It's nice to see you here, Marco. I don't think it will be possible to change the default without potentially causing problems for clients not expecting that. Adding that -C option to the server seems appropriate, and unless you expect that at one point there will be no clients not providing that, you will face the issue that if the default changes from iso-8859-1 to utf-8, old clients will be wrong, as you can't get every client to be updated at the same time. The most similar situation would be if you had a predefined epoch at which both server and clients would change the encoding.
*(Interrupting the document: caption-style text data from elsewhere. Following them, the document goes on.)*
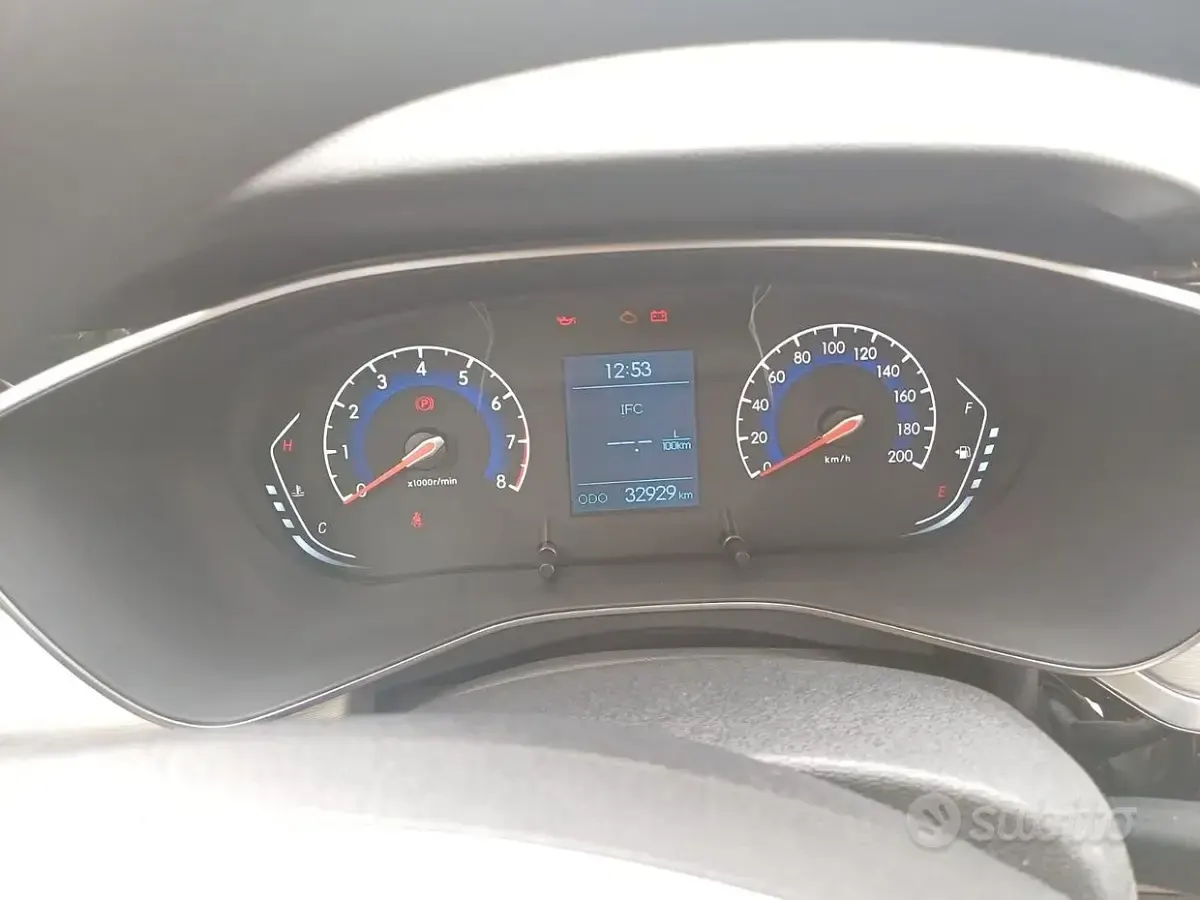 Usata EVO Evo 5 127 CV (93 kW) 2024 Bianco SUV
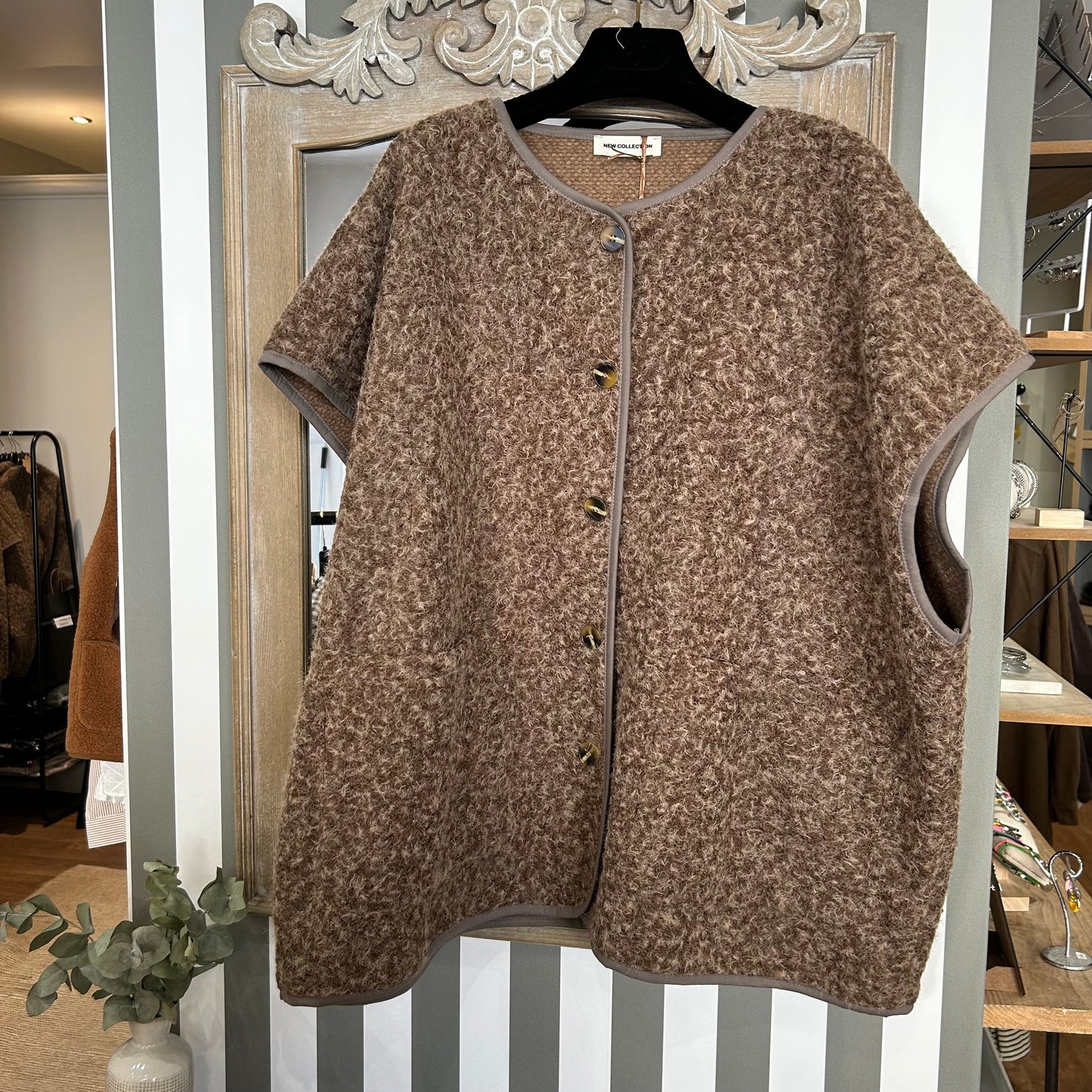 Gilet Bérénice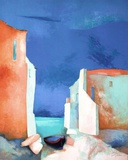 Ile Rousse Limited Edition by Claude Gaveau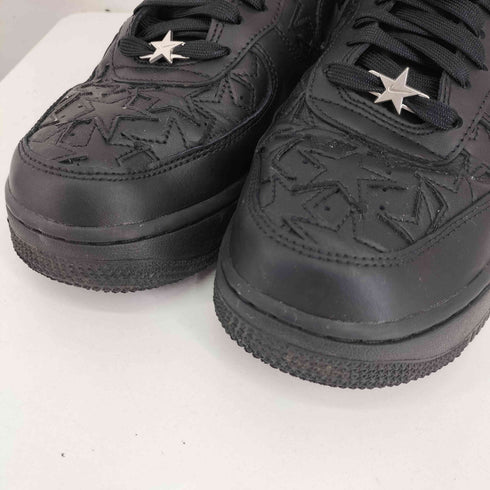 ナイキ NIKE Air Force 1 Low Black Stars エアフォース1 ロー ブラックスターズ メンズ JPN:27.5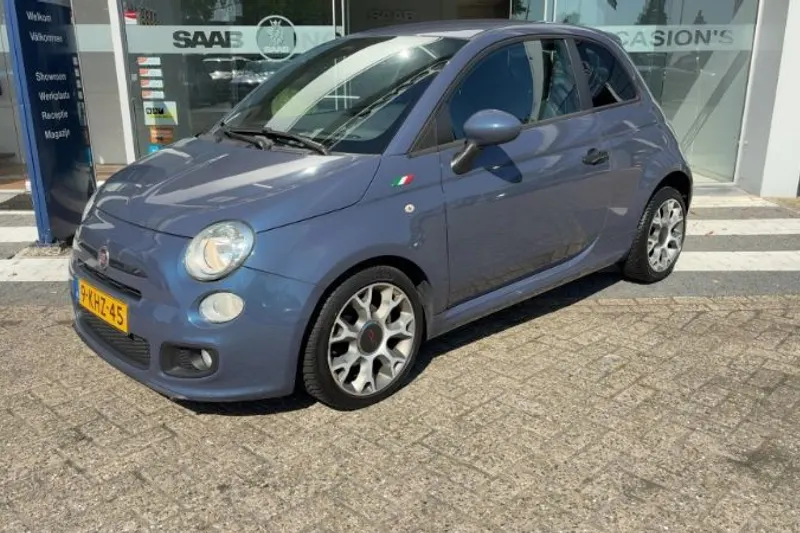 Fiat 500 (2013)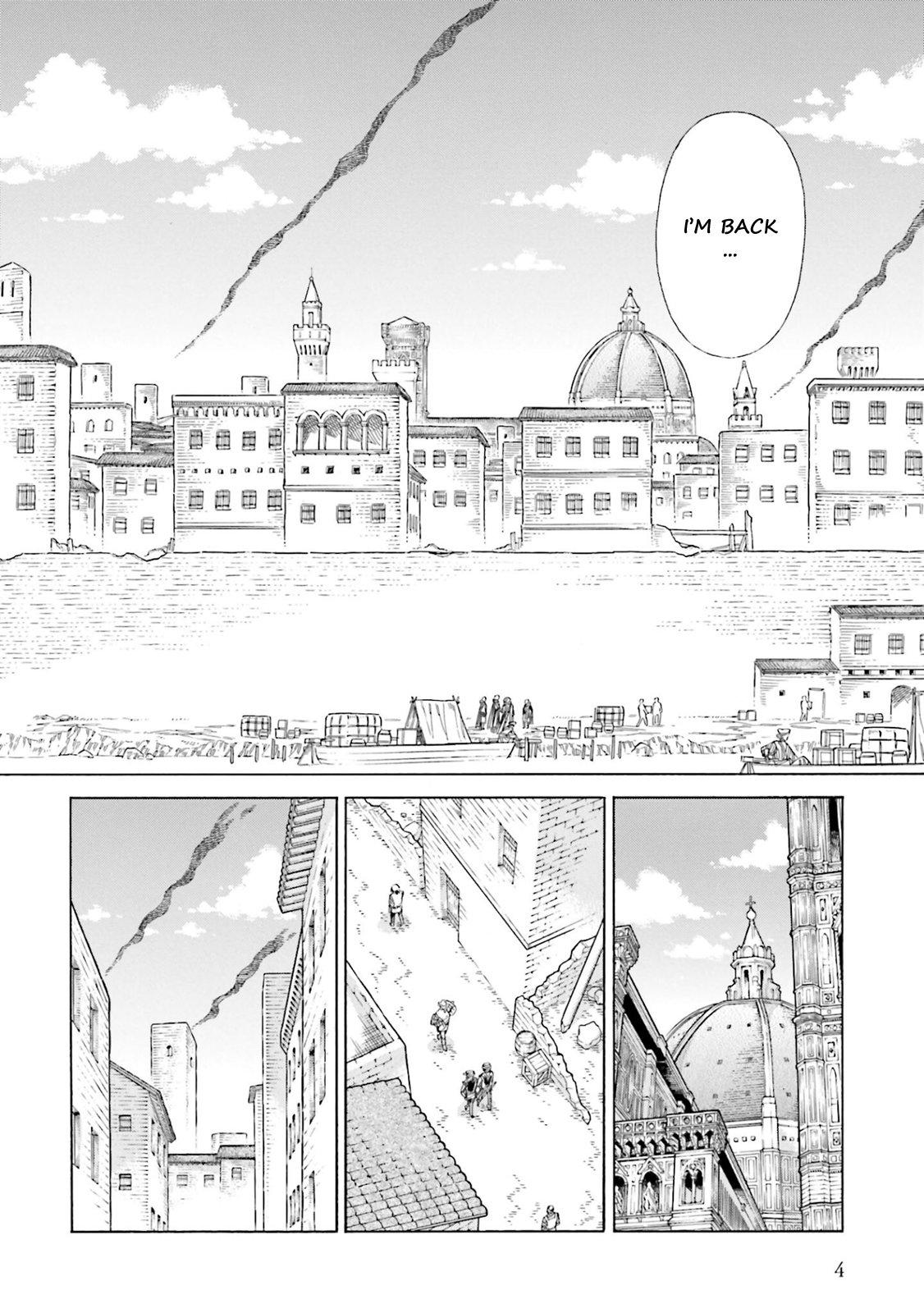 Arte Chap 100 - Next Chap 101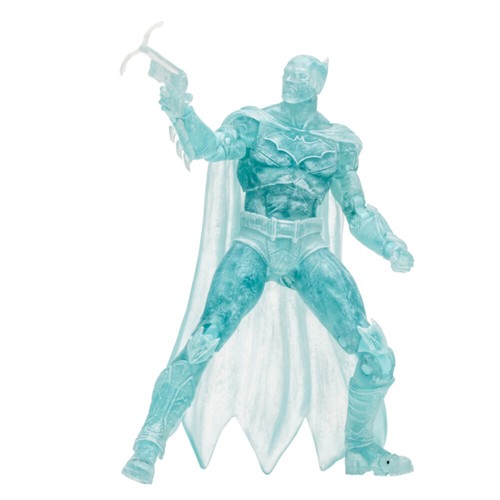 DC Multiverse Batman Rebirth Frostbite Edition Action Figure NEW - Picture 5 of 9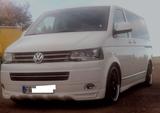 Volkswagen T5 Multivan - Volkswagen T5: Allradantrieb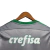 Camisa Palmeiras III Retrô 2015 - Torcedor Masculino -Cinza com detalhes em verde - R21 Imports | Artigos Esportivos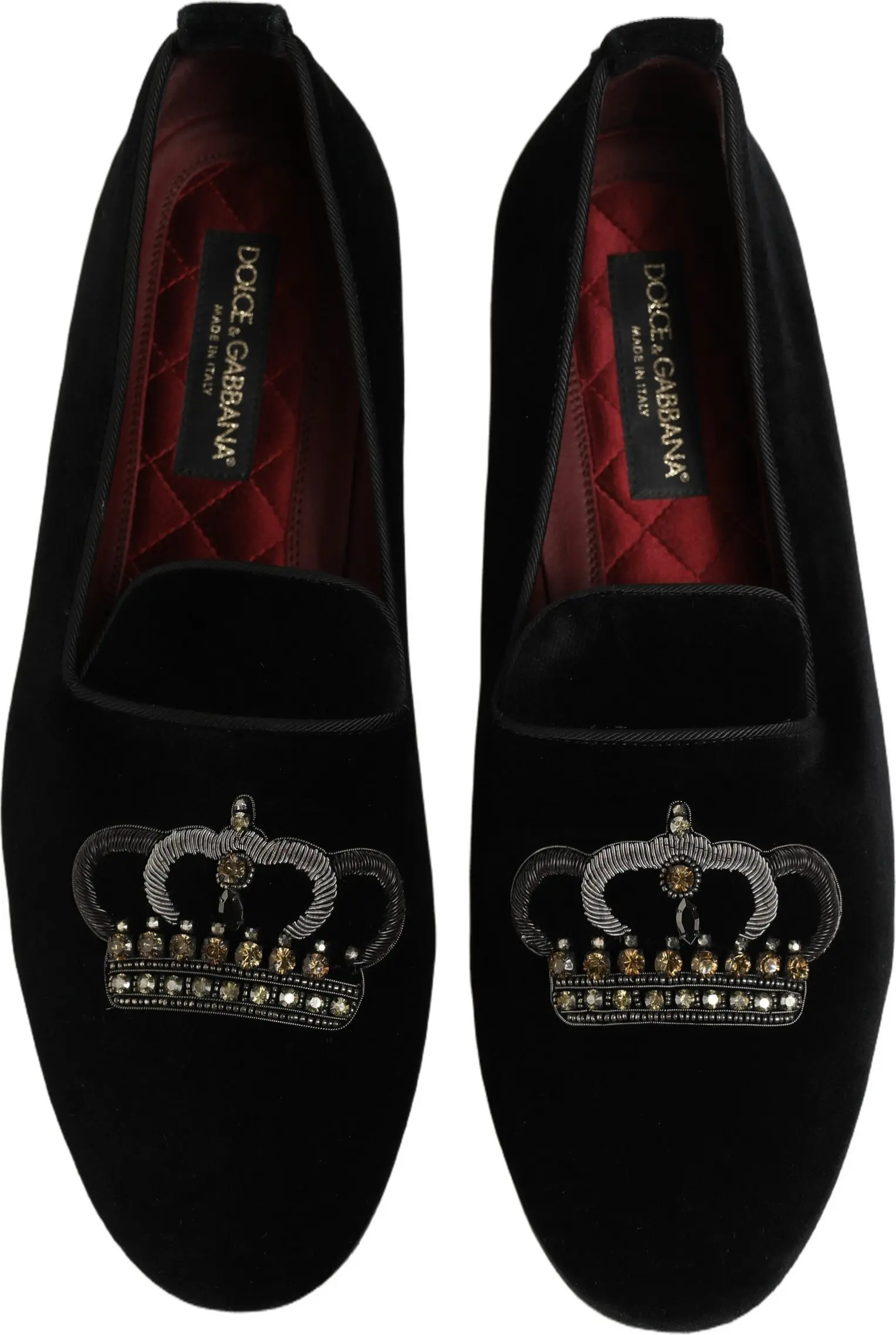 Лоферы Dolce & Gabbana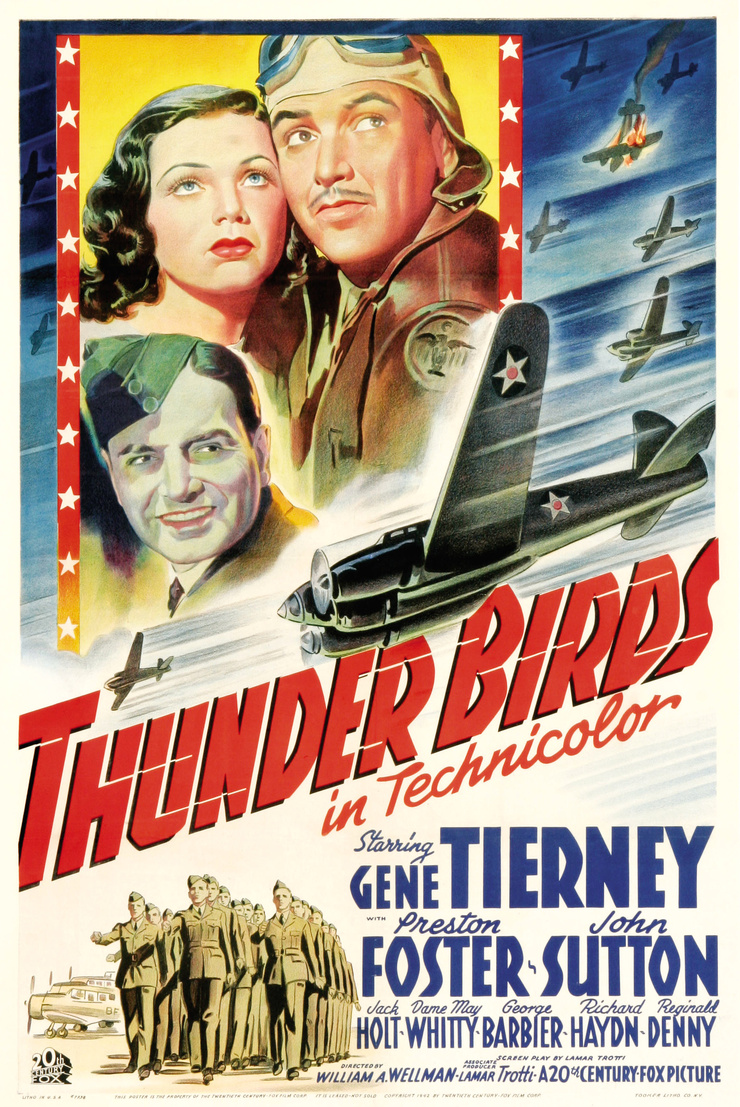 Thunder Birds Thunder Birds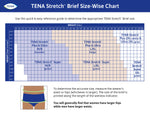 TENA Stretch Plus Briefs 86273582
But it still requires all clients to have been updated, and the date having been agreed far in advance (and not posponed later!). A situation that could help would be if the server marked the encoding so that the client could recognise the output is no longer iso-8859-1, but utf-8, such as including a BOM (although it may be preferable to include that inside a comment rather than at the beginning, I see benefits both ways), and thus old-but-not-ancient clients could autodetect the switch. Most likely, the server default will not change, though. Best regards -------- Original message -------- From: Marco d'Itri via db-wg <db-wg@ripe.net> Date: 12/18/23 00:44 (GMT+01:00) To: Piotr Strzyzewski <piotr@internetsailor.net> Cc: db-wg <db-wg@ripe.net> Subject: Re: [db-wg] Proposal to allow non-ASCII characters in "org-name:", "person:" and "role:" attributes On Dec 03, Piotr Strzyzewski via db-wg <db-wg@ripe.net> wrote:
As the UTF-8 topic was briefly discussed during DB-WG session at RIPE87 in Rome, I would like to propose moving forward with it. If that means a topic for first (?) interim meeting, let it be. Let me know please if this works for you. Thanks in advance. In Rome I talked a bit with Edward about this. Background: I am the author of the whois client used by all Linux distributions.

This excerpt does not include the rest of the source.